Punktem wyjścia, a właściwie osią opowieści Viestada jest restauracja La Carbonara na Campo de’Fiori, tętniącym życiem od świtu do nocy placu w centrum historycznego Rzymu. Nietrudno tam trafić, bo Campo de’Fiori leży nieopodal Piazza Navona.
„Moja książka opowiada o obiedzie w rzymskiej restauracji w czerwcu 2018 roku oraz o wszystkim, co posiłki – nie tylko ten, ale i wiele innych – mogą nam powiedzieć o naszej przeszłości. O smakach, które zmieniły nasze życie, składnikach, które nas kształtowały, jedzeniu, które żywiło całe imperium, oraz o poszukiwaniu źródeł najlepszej potrawy świata” – zapowiada Viestad i słowa dotrzymuje. I zapuszcza się w swoim smakowitym, literackim monologu aż do czasów Cesarstwa Rzymskiego, a czasem nawet i wcześniej.
W dzień uwijają się tam wśród straganów z owocami, warzywami i przyprawami sprzedawcy oraz kupujący. A gdy zapada wieczór, zapełniają się restauracje na parterach kamienic otaczających plac. Wszystko pod uważnym spojrzeniem Giordana Bruna, dominikanina, astrologa i matematyka, który rozwinął teorię Mikołaja Kopernika o obrotach sfer niebieskich. Odlany z brązu pomnik Bruna stoi w miejscu, w którym 17 lutego 1600 r. uczony spłonął na stosie za herezję.

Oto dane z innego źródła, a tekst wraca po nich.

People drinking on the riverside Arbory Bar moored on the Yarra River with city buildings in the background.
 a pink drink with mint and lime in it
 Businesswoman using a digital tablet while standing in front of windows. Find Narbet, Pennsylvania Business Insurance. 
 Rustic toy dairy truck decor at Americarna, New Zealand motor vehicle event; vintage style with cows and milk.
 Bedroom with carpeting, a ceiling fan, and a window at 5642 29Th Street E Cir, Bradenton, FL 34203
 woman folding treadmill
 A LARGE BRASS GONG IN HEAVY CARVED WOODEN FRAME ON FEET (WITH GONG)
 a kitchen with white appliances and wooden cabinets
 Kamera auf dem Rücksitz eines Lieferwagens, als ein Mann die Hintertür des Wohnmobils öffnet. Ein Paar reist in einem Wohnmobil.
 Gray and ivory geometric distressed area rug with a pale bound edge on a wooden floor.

Jak tłumaczy Viestad, klasyczna restauracja w Rzymie to lokal z tradycjami, często rodzinny, o dość krótkim i stałym menu. Gdy tam wrócimy po latach, możemy być pewni, że danie, które nas zachwyciło, będzie mieć ten sam doskonały smak.
„Tu sprzedaje się ideę niezmienności i poczucie, że przechodząc przez jej drzwi, powróciłeś do domu. La Carbonara ma stałych klientów, którzy jadają tu lunch lub obiad niemal każdego tygodnia od 50 lat. Jako sezonowy gość zjawiający się tu od ćwierćwiecza przy okazji każdej wycieczki do Rzymu wypadam przy nich jak żółtodziób” – tłumaczy autor „Obiadu w Rzymie”.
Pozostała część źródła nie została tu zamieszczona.